The problem
Instruction for the entries below: return the part that opens with the line containing "istock golden bicycle" and closes with the line containing "Gemini Zodiac Intention", exactly, and no pictures.

Data for this task
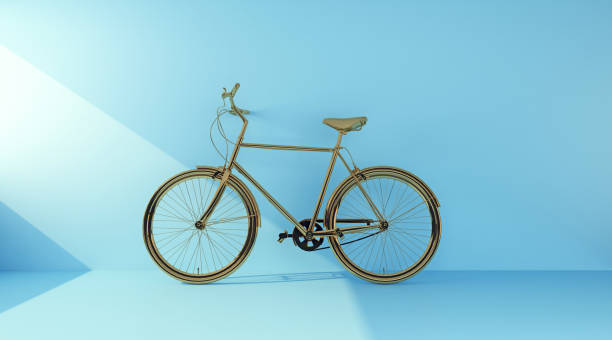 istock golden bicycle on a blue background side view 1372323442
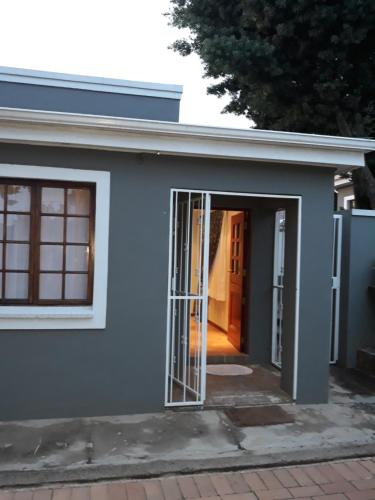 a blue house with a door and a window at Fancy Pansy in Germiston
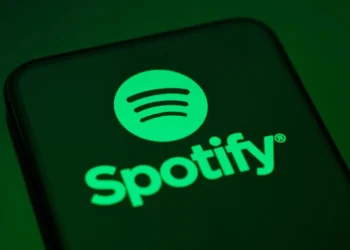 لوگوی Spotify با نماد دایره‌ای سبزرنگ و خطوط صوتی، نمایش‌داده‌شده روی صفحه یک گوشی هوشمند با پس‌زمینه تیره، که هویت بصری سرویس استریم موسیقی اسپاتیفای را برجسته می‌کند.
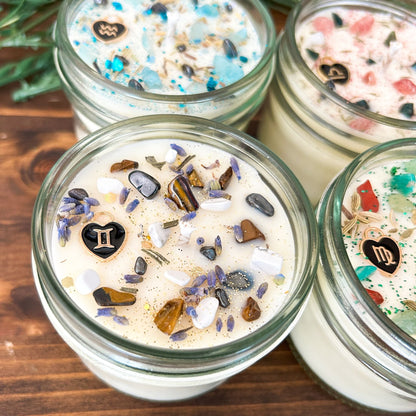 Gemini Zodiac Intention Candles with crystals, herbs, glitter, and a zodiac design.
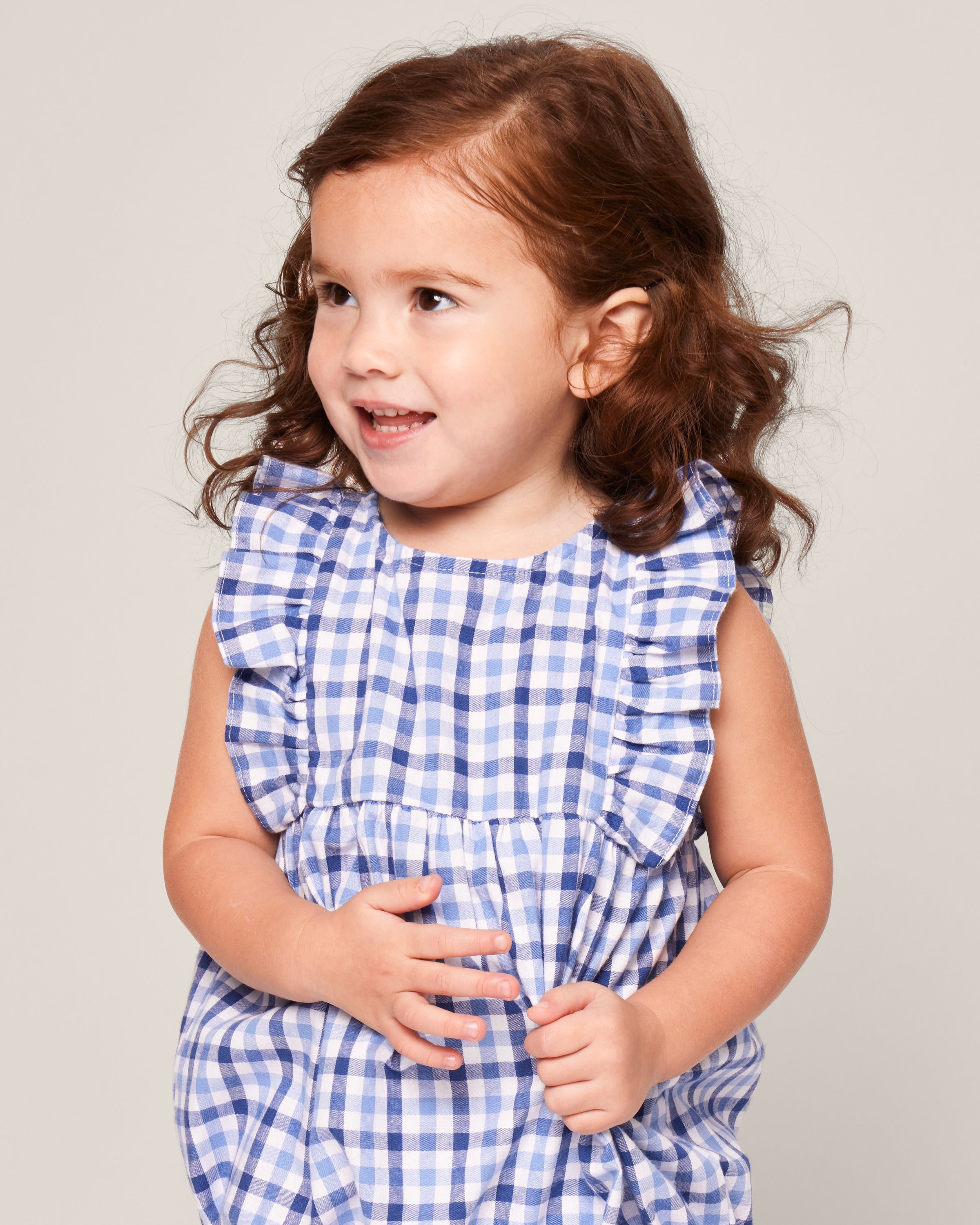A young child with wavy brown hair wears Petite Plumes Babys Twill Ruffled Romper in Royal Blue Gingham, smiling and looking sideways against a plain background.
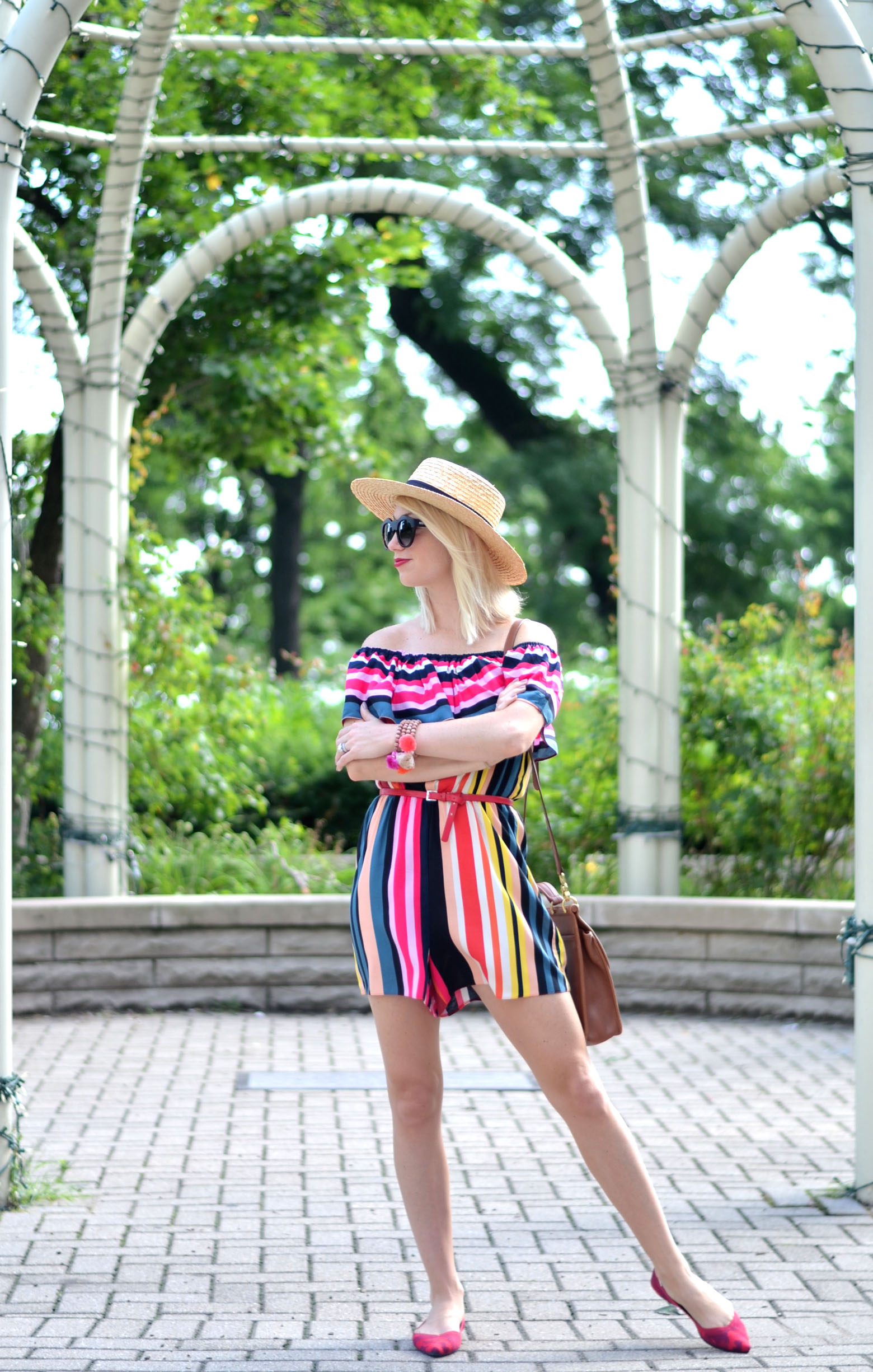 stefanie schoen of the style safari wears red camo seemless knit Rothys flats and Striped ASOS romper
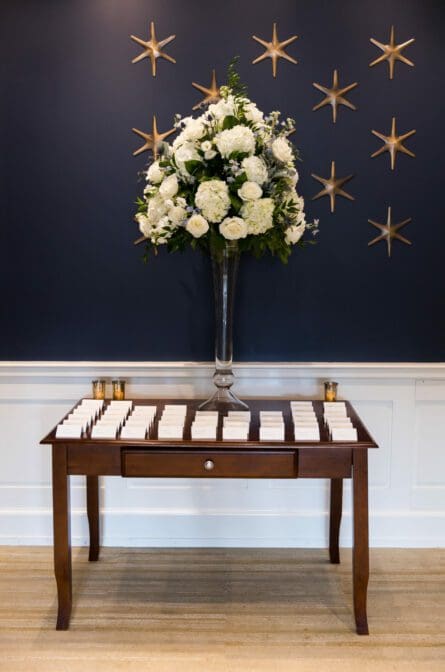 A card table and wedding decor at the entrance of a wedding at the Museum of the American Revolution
* * *
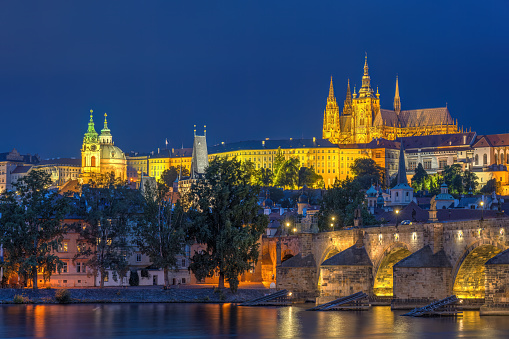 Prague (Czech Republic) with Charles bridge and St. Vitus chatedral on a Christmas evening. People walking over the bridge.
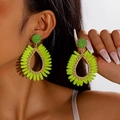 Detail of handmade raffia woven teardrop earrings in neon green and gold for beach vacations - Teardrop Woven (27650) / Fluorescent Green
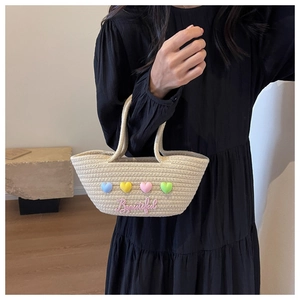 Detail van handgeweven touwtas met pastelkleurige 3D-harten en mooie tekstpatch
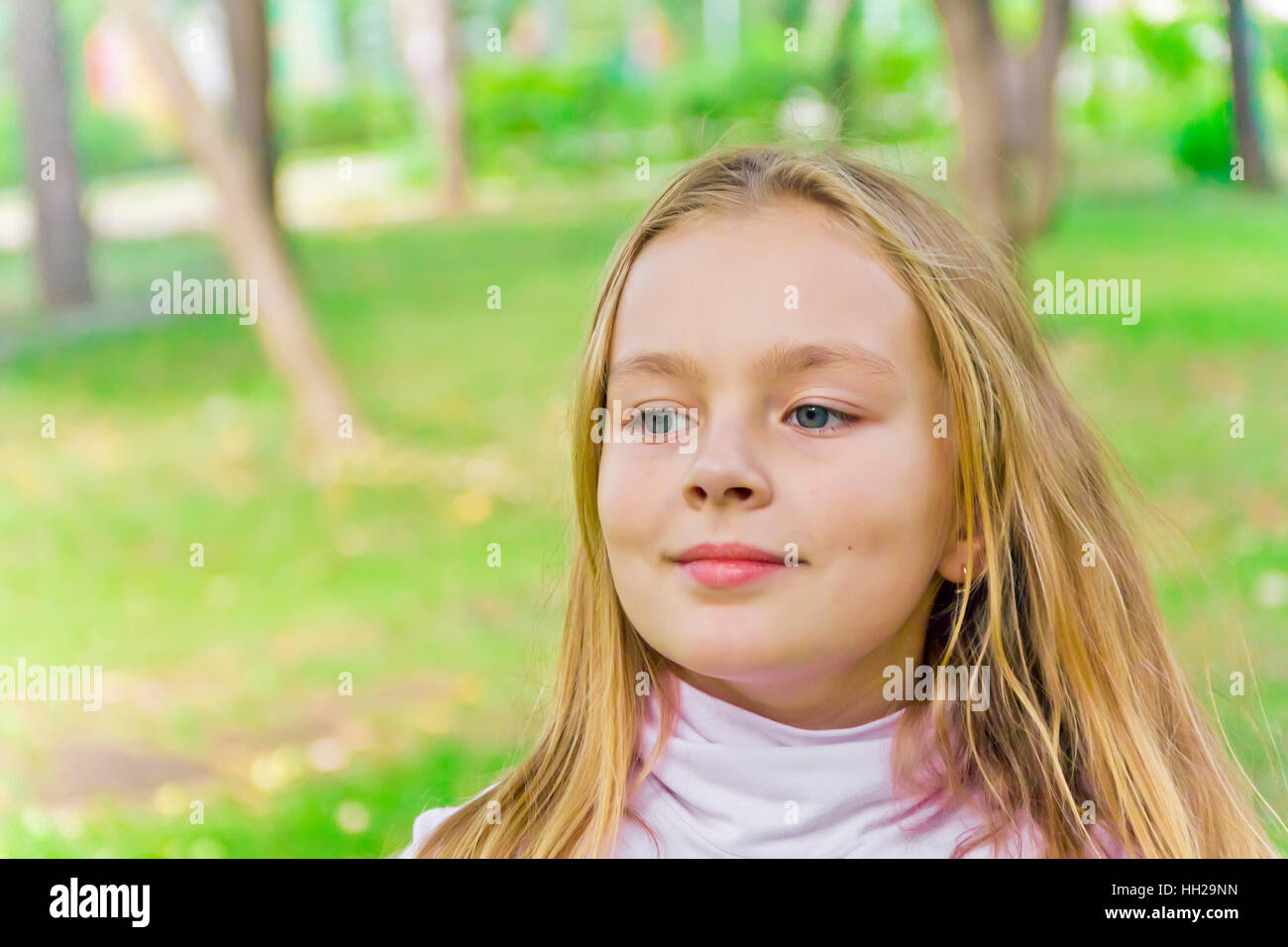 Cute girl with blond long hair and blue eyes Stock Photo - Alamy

Solution to this exercise
 istock golden bicycle on a blue background side view 1372323442
 a blue house with a door and a window at Fancy Pansy in Germiston
 لوگوی Spotify با نماد دایره‌ای سبزرنگ و خطوط صوتی، نمایش‌داده‌شده روی صفحه یک گوشی هوشمند با پس‌زمینه تیره، که هویت بصری سرویس استریم موسیقی اسپاتیفای را برجسته می‌کند.
 Gemini Zodiac Intention Candles with crystals, herbs, glitter, and a zodiac design.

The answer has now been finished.